Leżał w krzakach a przy nim skradziony rower
Ukradł rower, bo jak stwierdził, ktoś mu kazał. Dzięki zaangażowaniu ursynowskich funkcjonariuszy do policyjnego aresztu trafił 24-letni mężczyzna. Policjanci udowodnili podejrzanemu kradzież roweru. Mężczyzna usłyszał już zarzut karny. Przestępstwo kradzieży zagrożone jest karą do 5 lat pozbawienia wolności.
Policjanci z wydziału wywiadowczo – patrolowego ursynowskiej komendy otrzymali zgłoszenie o kradzieży roweru spod jednego ze sklepów przy ul. Cynamonowej. Po przybyciu na miejsce i rozmowie z pokrzywdzonym ustalili, że w miejscu, gdzie pozostawiony był rower, znajdują się kamery. Po wnikliwej analizie zapisu monitoringu, w oparciu o znajomość środowiska przestępczego policjanci wytypowali sprawcę.

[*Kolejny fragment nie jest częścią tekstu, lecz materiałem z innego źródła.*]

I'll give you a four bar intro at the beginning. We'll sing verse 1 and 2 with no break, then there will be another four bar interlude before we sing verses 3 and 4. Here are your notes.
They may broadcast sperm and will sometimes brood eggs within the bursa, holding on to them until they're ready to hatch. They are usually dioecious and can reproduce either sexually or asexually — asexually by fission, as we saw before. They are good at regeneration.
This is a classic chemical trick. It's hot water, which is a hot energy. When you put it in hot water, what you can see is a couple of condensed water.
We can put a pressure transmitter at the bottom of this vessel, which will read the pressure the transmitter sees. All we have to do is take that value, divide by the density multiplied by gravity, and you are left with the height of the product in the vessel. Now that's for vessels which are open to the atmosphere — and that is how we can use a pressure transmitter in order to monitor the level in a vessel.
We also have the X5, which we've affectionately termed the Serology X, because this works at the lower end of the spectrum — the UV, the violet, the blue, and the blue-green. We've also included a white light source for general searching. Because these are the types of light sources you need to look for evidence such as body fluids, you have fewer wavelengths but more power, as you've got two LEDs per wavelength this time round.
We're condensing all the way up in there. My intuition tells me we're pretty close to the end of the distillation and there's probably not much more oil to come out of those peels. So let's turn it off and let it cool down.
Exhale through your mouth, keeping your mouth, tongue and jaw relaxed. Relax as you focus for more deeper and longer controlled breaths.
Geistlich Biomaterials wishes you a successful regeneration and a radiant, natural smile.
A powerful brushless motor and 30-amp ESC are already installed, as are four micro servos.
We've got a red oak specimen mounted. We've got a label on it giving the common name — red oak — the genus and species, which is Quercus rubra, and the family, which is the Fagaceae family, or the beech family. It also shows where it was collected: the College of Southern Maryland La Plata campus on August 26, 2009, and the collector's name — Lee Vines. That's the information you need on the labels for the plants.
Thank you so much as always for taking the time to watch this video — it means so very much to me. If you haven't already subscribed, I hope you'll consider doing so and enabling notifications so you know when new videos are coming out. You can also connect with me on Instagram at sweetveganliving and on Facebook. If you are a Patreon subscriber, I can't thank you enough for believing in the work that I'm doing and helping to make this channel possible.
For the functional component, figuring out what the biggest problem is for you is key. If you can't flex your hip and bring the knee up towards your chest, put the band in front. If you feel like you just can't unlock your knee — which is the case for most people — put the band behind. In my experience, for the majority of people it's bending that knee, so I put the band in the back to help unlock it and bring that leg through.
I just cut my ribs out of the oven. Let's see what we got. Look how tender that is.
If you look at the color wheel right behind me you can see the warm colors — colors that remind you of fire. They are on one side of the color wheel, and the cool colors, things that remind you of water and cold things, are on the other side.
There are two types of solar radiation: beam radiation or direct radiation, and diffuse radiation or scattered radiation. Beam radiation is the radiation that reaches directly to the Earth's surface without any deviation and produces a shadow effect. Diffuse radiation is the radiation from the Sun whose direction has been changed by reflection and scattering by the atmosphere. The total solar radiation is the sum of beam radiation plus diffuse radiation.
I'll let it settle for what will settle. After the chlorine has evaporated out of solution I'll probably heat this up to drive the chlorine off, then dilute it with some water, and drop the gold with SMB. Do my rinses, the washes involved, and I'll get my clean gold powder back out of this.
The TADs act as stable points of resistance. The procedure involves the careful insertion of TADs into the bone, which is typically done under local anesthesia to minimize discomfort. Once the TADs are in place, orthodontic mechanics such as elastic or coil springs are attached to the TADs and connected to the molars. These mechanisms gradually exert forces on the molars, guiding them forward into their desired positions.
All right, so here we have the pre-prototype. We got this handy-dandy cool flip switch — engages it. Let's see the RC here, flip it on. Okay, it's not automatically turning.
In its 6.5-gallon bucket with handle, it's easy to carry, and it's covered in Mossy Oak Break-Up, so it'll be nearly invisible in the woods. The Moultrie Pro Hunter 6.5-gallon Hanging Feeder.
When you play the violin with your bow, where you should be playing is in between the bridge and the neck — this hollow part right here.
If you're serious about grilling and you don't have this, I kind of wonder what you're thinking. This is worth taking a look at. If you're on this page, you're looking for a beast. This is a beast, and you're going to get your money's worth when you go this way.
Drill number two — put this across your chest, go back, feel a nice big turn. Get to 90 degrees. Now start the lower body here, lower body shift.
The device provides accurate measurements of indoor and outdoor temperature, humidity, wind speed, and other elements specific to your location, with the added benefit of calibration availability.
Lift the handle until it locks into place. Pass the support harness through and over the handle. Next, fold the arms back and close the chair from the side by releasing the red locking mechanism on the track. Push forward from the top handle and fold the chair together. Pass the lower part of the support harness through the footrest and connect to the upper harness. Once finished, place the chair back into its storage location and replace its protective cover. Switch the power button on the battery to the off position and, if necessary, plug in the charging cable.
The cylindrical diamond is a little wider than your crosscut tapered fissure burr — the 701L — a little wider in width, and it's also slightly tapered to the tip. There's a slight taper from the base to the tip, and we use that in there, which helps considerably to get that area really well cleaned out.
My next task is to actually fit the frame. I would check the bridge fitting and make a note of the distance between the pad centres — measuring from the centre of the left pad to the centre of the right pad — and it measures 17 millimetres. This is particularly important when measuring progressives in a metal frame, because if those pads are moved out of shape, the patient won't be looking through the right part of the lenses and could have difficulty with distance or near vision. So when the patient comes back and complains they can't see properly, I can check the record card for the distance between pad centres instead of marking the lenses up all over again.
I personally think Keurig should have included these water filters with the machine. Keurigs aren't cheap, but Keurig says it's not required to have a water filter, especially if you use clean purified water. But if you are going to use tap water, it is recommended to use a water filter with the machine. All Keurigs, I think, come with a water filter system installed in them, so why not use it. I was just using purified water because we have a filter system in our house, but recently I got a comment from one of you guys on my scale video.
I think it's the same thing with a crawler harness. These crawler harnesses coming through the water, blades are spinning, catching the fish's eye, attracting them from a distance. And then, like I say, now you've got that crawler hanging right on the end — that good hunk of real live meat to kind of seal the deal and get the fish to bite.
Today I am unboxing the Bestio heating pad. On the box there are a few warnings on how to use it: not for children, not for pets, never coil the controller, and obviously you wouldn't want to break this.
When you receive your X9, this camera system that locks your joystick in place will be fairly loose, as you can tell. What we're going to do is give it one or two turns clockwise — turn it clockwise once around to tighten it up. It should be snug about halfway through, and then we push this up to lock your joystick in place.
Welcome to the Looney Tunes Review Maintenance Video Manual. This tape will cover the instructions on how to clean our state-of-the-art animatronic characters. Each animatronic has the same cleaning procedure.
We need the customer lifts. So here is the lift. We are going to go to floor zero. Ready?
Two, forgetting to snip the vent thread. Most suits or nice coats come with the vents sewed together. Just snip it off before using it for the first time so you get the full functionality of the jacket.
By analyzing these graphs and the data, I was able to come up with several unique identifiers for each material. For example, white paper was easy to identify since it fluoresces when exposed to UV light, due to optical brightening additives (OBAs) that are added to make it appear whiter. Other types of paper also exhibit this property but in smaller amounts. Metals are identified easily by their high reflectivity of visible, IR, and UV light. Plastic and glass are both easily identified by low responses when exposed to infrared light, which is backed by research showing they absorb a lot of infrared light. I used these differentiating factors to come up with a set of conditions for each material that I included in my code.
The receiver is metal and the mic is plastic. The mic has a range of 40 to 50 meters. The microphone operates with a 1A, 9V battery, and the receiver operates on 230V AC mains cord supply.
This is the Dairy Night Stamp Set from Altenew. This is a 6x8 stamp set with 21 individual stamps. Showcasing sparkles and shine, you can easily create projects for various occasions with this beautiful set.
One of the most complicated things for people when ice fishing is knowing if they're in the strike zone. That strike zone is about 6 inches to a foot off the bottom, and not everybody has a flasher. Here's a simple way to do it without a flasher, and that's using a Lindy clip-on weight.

Podjęty trop okazał się słuszny, jednak złodzieja nie było w jego miejscu zamieszkania. Funkcjonariusze nie dali za wygraną i postanowili sprawdzić pobliski teren. W trakcie penetracji zauważyli, że w krzakach na terenie zielonym leży mężczyzna, który odpowiada rysopisowi sprawcy. Uwagę zwracał też rower, który znajdował się przy nim. 24-latek przyznał, że zabrał rower, bo ktoś mu kazał, jednak nie wie kto.
Rower został zabezpieczony a mężczyzna zatrzymany i przewieziony do komisariatu przy ul. Janowskiego.
Za to przestępstwo grozi kara do 5 lat pozbawienia wolności. Postępowanie objęte nadzorem ursynowskiej prokuratury.